4.3. AGN IR-selection dependency on obscuration

Now, assuming the efficiency of IR criteria is clearly dependent on source luminosity, as observed in Fig. 3, the dependency of the type-2 fraction on luminosity (Fig. 4) should dictate the type-2 fraction observed in an AGN sample selected via any AGN IR-criteria. In other words, the IR criteria should present the same type-2 fraction observed in the highest luminosity bins of a given sample. In our case, based on Fig. 4, that would mean a fraction of ~0.5 for IR criteria, but less than 0.5 if a shallower sample (limited to low-redshift sources) would be adopted. Does our sample confirm this pure-luminosity dependence or does it nevertheless imply a bias toward type-1 sources, as defended in the literature?
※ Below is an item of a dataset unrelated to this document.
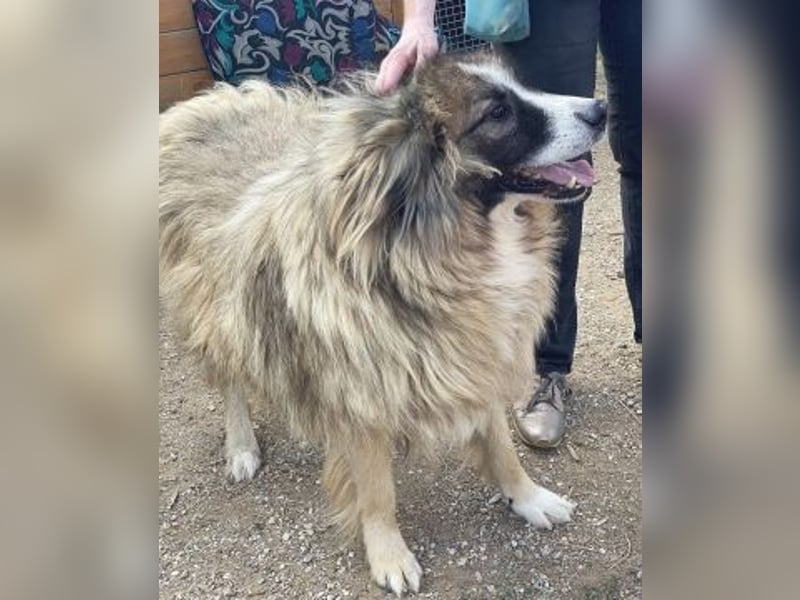 Panagos sucht Zuhause mit Arbeitsauftrag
Figure 5 helps to clarify this point. We recall that we consider the corrected NH and values as adopted in Paper I. That assumption triggers the trend observed in the top left panel in Fig. 4 and repeated in Fig. 5 for reference. In Fig. 5, one observes at least S05 and KI criteria being biased toward type-1 AGN at intermediate luminosities (43.3 ≲ log    (LX [erg   s-1] ) ≲ 44), given that the type-2 fraction for S05- and KI-selected samples is lower than observed for the whole sample in this luminosity range. At the highest luminosities, the results are consistent with both types being selected with equal efficiency, since the type-2 fraction is unchanged. Limiting the study to sources also with reliable photometry in the MIPS24 band, the S05 criterion still shows a significant bias toward type-1 AGN.

thumbnail Fig. 5

Variation of the obscured fraction (A2/(A1 + A2)) with source intrinsic X-ray luminosity (solid line) for L07 (left), S05 (middle left), KI (middle right), and KIM (right). The top row considers sources with reliable photometry in the Ks + IRAC bands, while the bottom row considers sources with reliable photometry in the Ks + IRAC + MIPS24 bands. The CDFS and COSMOS samples are considered together. The shaded and hatched regions show the associated statistical uncertainty. The dotted line refers to the obscured fraction observed in the whole sample (Fig. 4). A moving bin is used as described in Fig. 1.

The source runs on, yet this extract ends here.